Instructions for the task: In the data below, find every line with the word "Course" and copy it.

Provided information:
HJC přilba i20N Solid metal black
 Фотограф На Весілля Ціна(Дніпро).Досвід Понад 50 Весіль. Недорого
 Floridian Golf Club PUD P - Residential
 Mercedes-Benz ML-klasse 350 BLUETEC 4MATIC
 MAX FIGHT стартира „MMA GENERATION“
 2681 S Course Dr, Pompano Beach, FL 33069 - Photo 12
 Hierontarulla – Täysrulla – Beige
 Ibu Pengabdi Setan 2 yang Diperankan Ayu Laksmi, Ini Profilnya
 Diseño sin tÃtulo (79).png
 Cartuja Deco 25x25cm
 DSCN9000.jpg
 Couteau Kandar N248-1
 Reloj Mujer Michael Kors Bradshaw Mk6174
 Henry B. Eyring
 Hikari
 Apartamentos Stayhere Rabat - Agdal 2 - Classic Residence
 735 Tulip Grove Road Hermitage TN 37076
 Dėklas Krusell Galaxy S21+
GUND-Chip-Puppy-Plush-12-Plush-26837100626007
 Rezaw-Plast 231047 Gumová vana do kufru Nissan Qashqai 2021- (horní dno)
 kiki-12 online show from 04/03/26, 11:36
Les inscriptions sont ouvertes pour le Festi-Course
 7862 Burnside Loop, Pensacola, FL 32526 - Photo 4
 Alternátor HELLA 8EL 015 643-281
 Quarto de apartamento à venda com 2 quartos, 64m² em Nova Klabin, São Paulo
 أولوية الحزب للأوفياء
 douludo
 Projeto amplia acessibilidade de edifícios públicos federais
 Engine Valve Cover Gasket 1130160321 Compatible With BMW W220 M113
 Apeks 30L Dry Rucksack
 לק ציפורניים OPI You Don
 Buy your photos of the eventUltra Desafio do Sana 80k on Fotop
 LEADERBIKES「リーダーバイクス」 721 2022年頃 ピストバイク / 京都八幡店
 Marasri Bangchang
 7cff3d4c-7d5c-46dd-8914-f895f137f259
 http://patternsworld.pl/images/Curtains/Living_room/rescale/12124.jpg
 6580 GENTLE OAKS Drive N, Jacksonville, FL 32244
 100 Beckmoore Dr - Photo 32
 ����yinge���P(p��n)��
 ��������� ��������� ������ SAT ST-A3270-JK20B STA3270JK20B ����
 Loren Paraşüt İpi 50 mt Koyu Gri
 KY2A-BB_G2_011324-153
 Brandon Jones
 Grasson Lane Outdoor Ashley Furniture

Output for this task:
 2681 S Course Dr, Pompano Beach, FL 33069 - Photo 12
Les inscriptions sont ouvertes pour le Festi-Course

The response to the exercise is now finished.